*Exercise description:*
Could you give again exactly, and only, the lines from the one holding "Vintage lantern burning" through the end of the data, both ends included, with pictures left out?

*Records from a collection:*
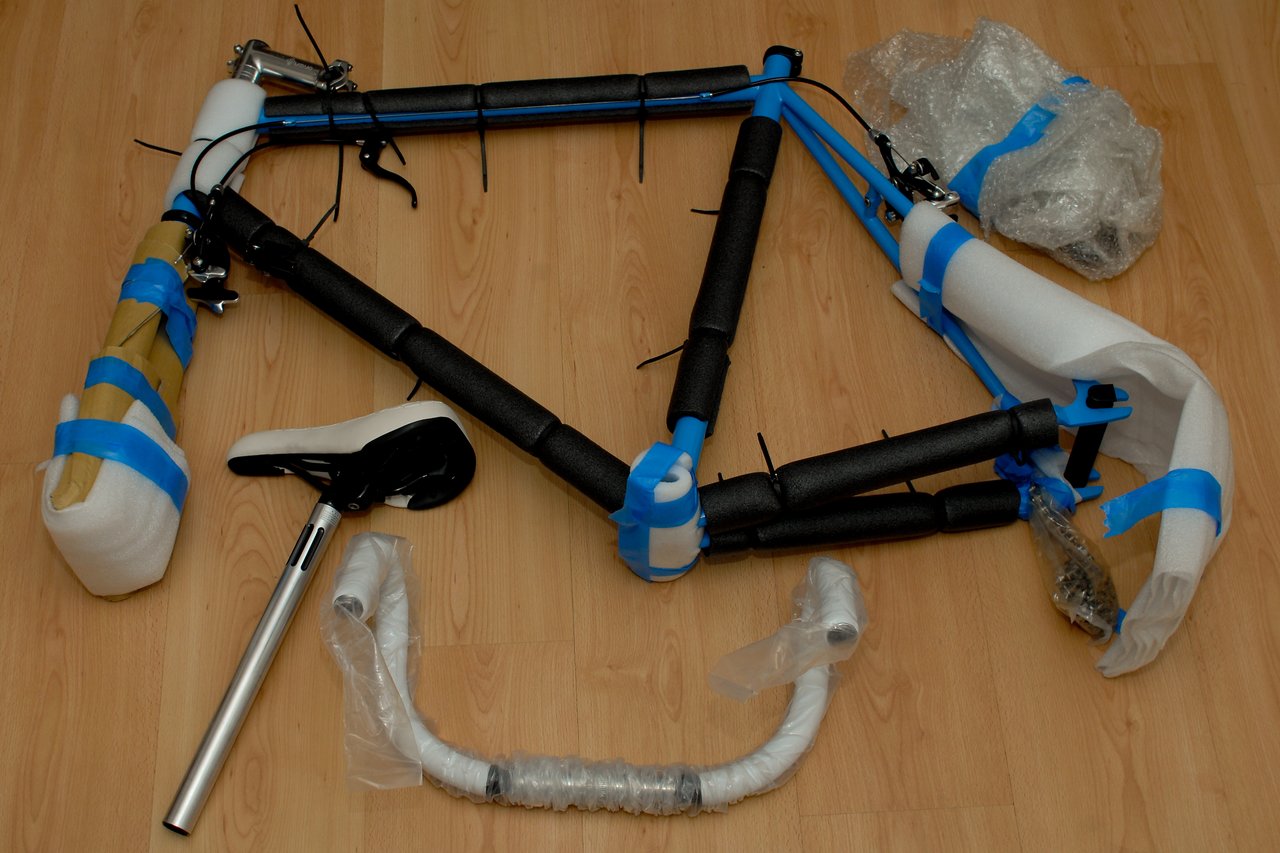 Partially assembled blue bicycle frame with protective padding, handlebars, and seat post laid out on a wooden floor.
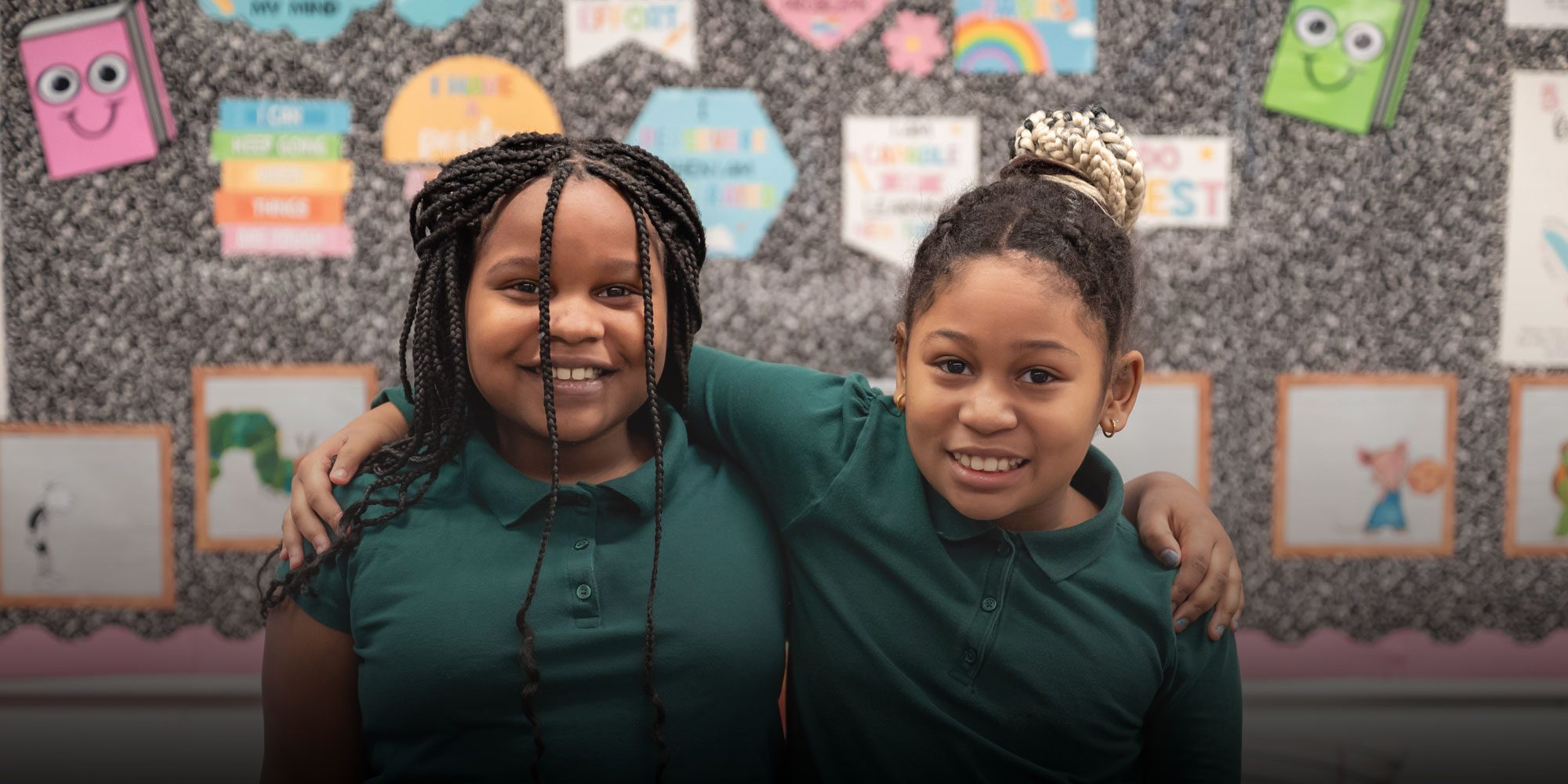 Two smiling students in green uniform shirts standing arm in arm in front of a classroom bulletin board.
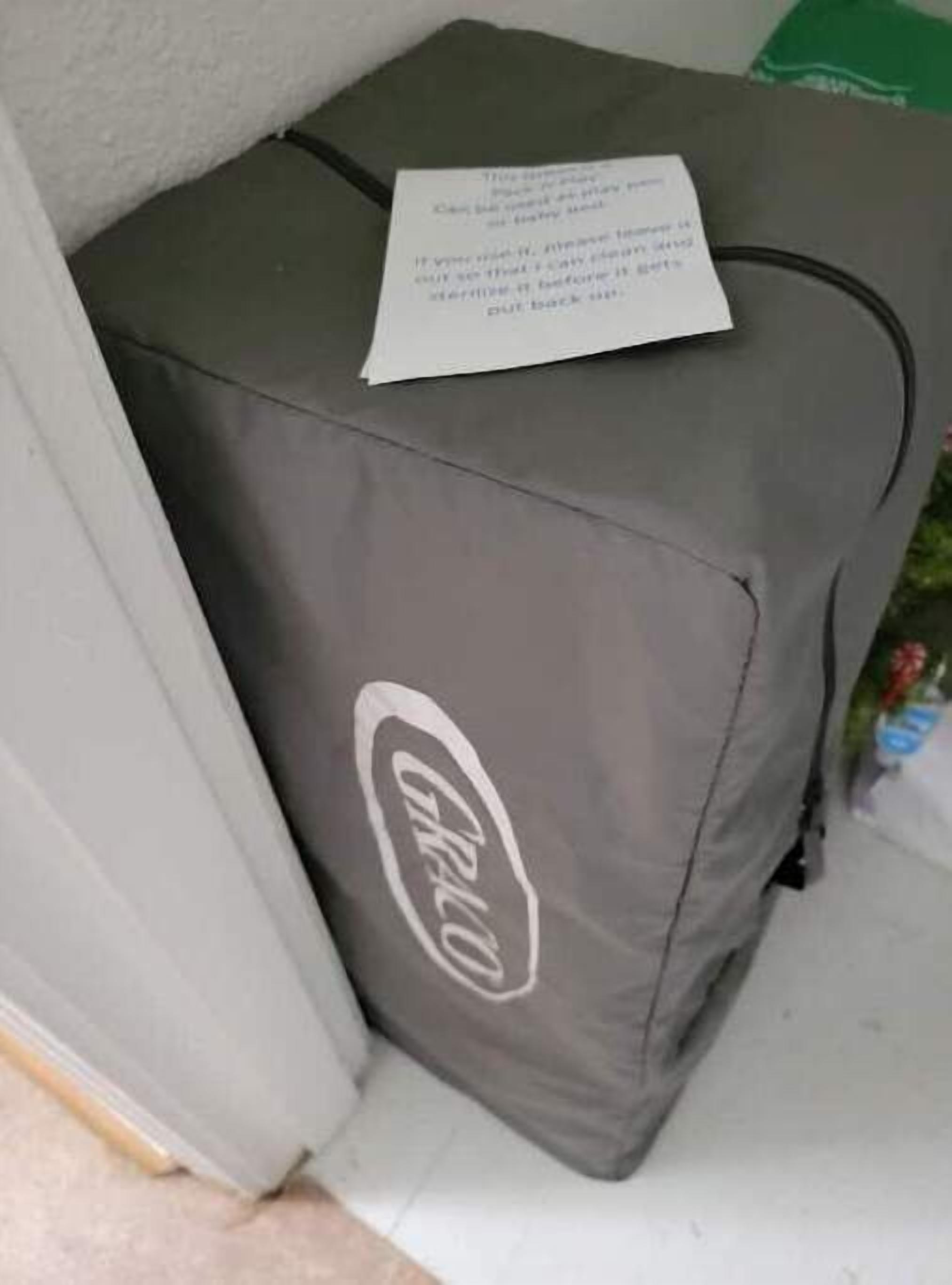 A grey suitcase with a visible logo and a note attached to it.
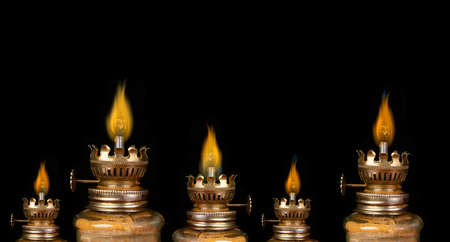 Vintage lantern burning on clear black banner template.の写真素材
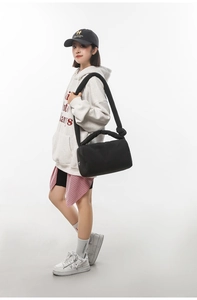 Detail of black quilted puffer shoulder bag featuring a padded knotted strap and soft finish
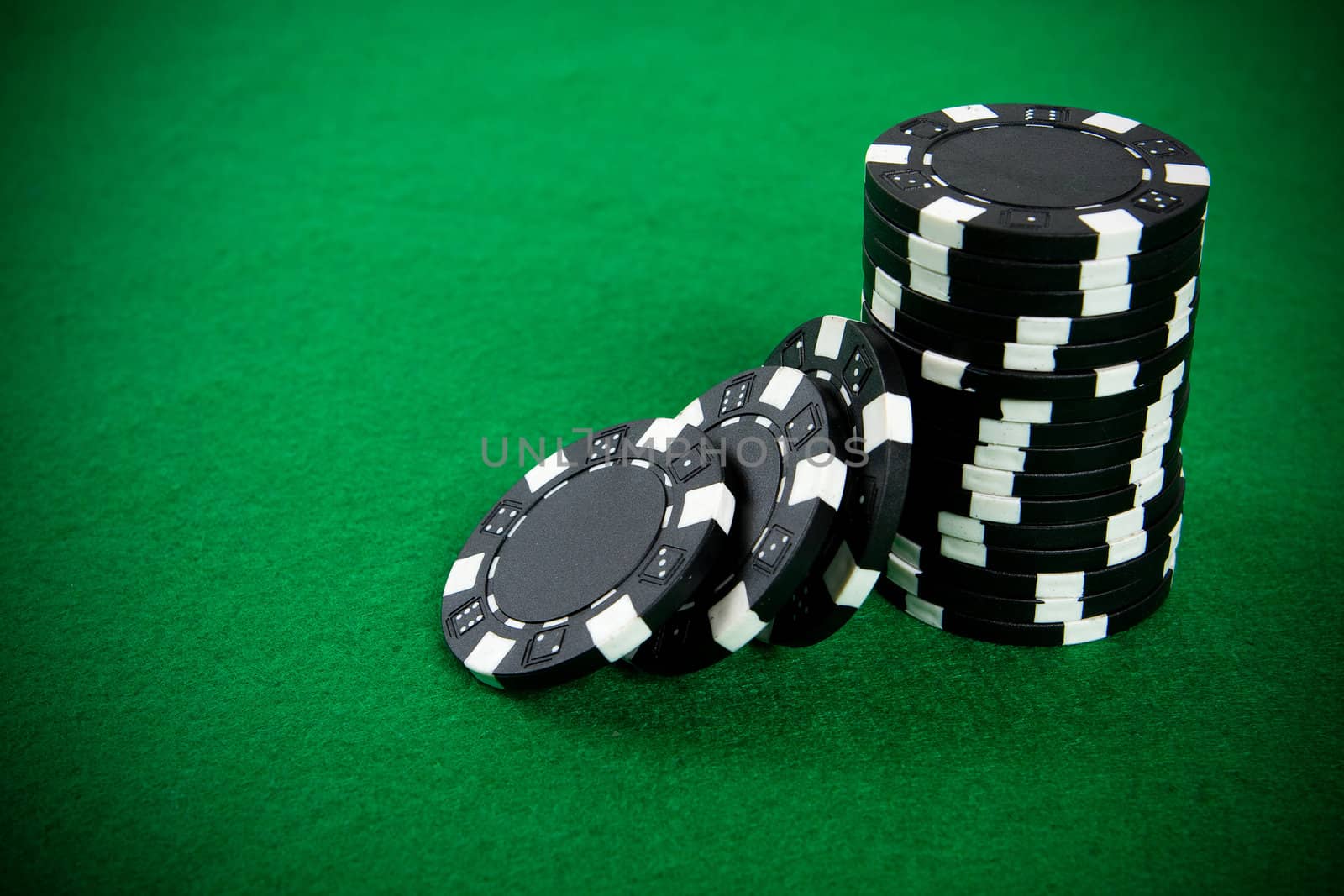 Stack of black poker chips on a green poker table background.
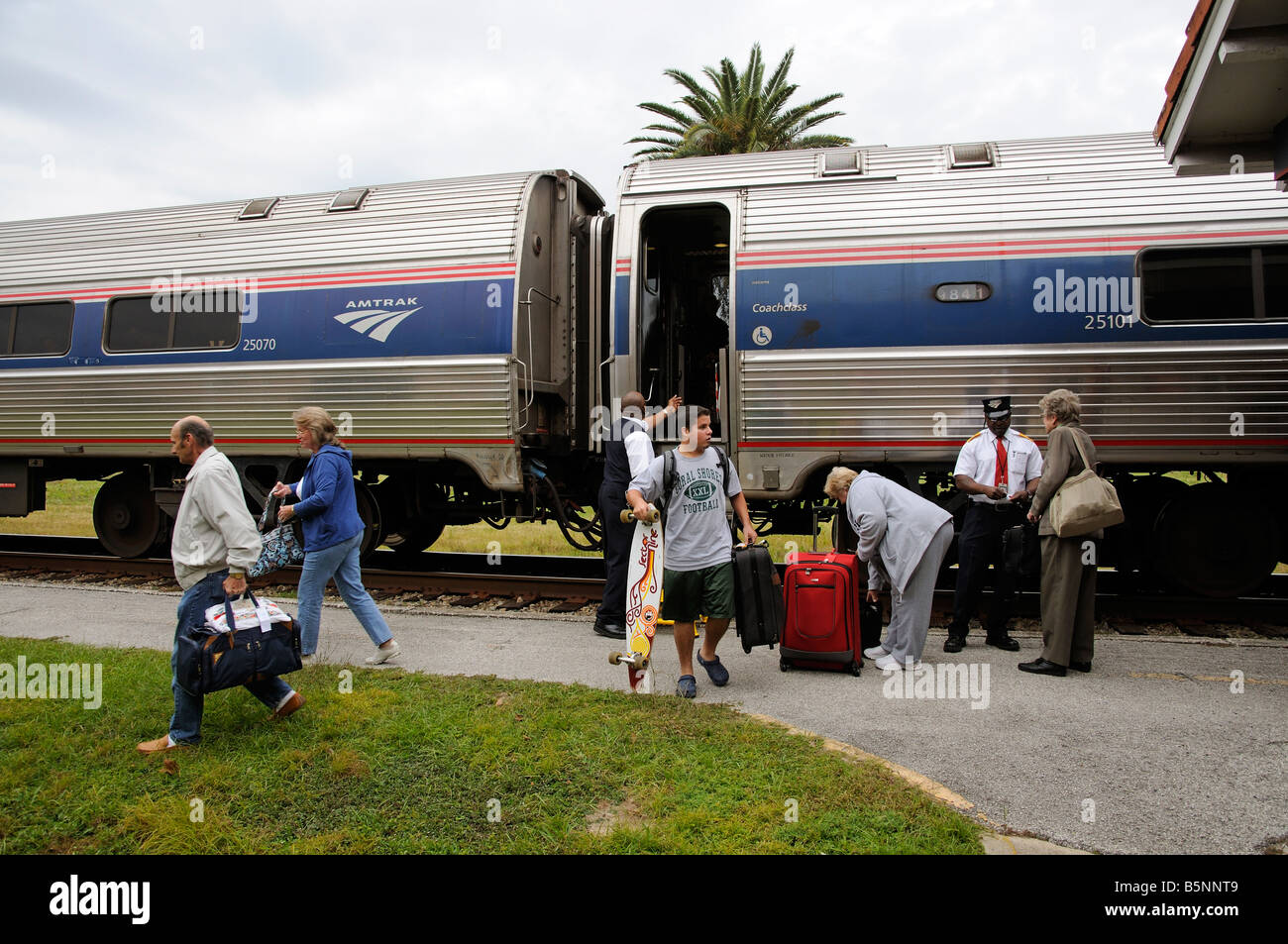 Amtrak railroad conductors assisting passengers from train America USA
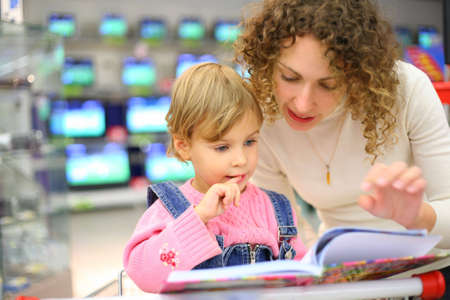 Mother and daughter looks in book in shopの写真素材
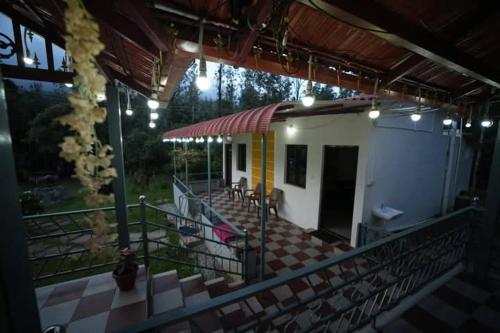 a balcony of a house with chairs and a porch at Malnad Mist in Attigundi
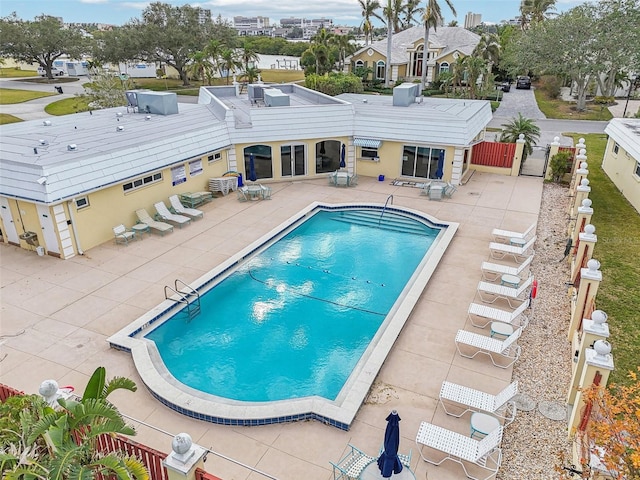 view of pool featuring a patio area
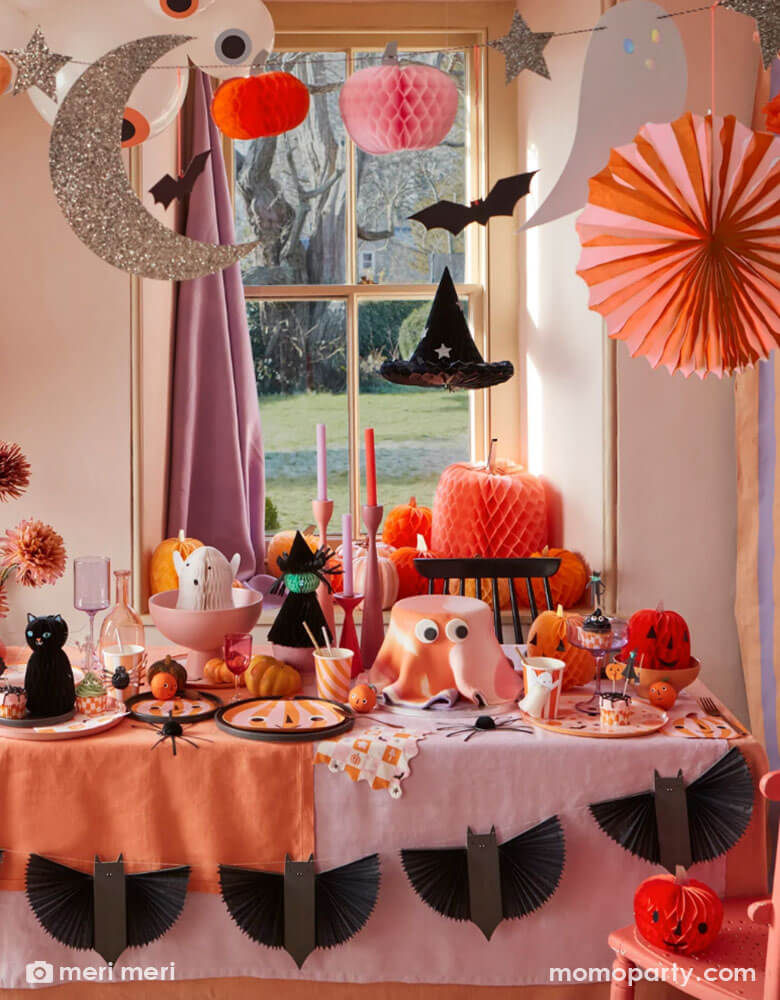 An adorable pink Halloween party setup by Meri Meri featuring Momo Party's pink orange striped pumpkin plates, napkins, honeycomb pumpkins as centerpiece and pastel halloween honeycomb garland featuring bats, witch hats, pumpkins hanging from the ceiling, all makes a perfect inspiration for kid's pink themed Halloween party!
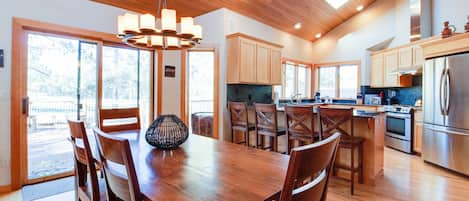 Dining for 10 + 4 stools, doors to deck w/ view of Woodlands course & hot tub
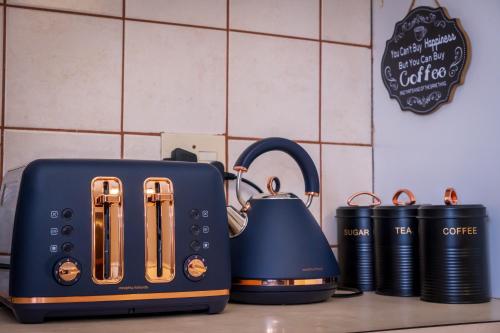 a toaster and a tea kettle on a kitchen counter at High Court Self Catering Apartments in Nelspruit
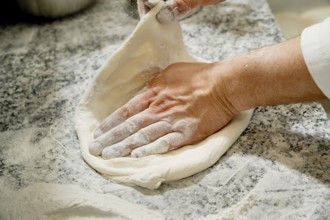 Cropped unrecognizable person kneading fresh pizza dough on a flour-dusted marble countertop,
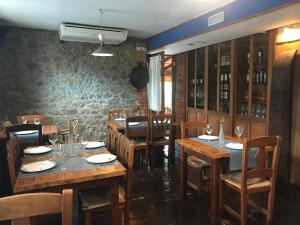 擞莫Posada La Llosa de Somo的餐厅设有木桌和椅子,拥有砖墙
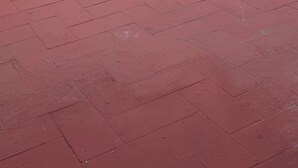 Kattoterassi, jossa on punaisella päällystetty lattia, valkoinen ja punainen seinä sekä näkyvillä oleva sähköjohto.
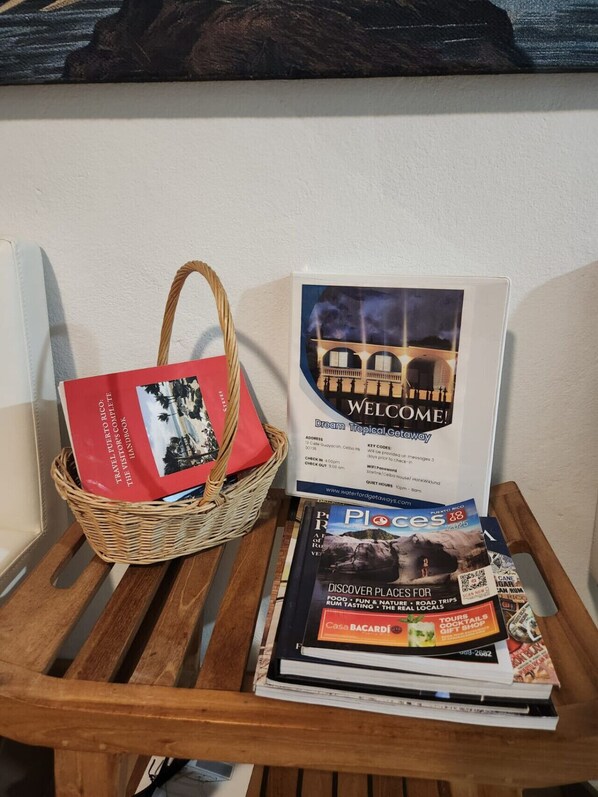 A wooden bench with a wicker basket containing a red booklet titled "Travel Puerto Rico" and a "Welcome" sign for Dream Tropical Getaway.
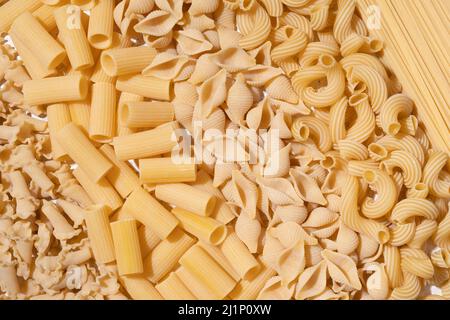 Different types of raw pasta on a textile background Stock Photo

*Reply to the task:*
 Vintage lantern burning on clear black banner template.の写真素材
 Detail of black quilted puffer shoulder bag featuring a padded knotted strap and soft finish
 Stack of black poker chips on a green poker table background.
 Amtrak railroad conductors assisting passengers from train America USA
 Mother and daughter looks in book in shopの写真素材
 a balcony of a house with chairs and a porch at Malnad Mist in Attigundi
 view of pool featuring a patio area
 An adorable pink Halloween party setup by Meri Meri featuring Momo Party's pink orange striped pumpkin plates, napkins, honeycomb pumpkins as centerpiece and pastel halloween honeycomb garland featuring bats, witch hats, pumpkins hanging from the ceiling, all makes a perfect inspiration for kid's pink themed Halloween party!
 Dining for 10 + 4 stools, doors to deck w/ view of Woodlands course & hot tub
 a toaster and a tea kettle on a kitchen counter at High Court Self Catering Apartments in Nelspruit
 Cropped unrecognizable person kneading fresh pizza dough on a flour-dusted marble countertop,
 擞莫Posada La Llosa de Somo的餐厅设有木桌和椅子,拥有砖墙
 Kattoterassi, jossa on punaisella päällystetty lattia, valkoinen ja punainen seinä sekä näkyvillä oleva sähköjohto.
 A wooden bench with a wicker basket containing a red booklet titled "Travel Puerto Rico" and a "Welcome" sign for Dream Tropical Getaway.
 Different types of raw pasta on a textile background Stock Photo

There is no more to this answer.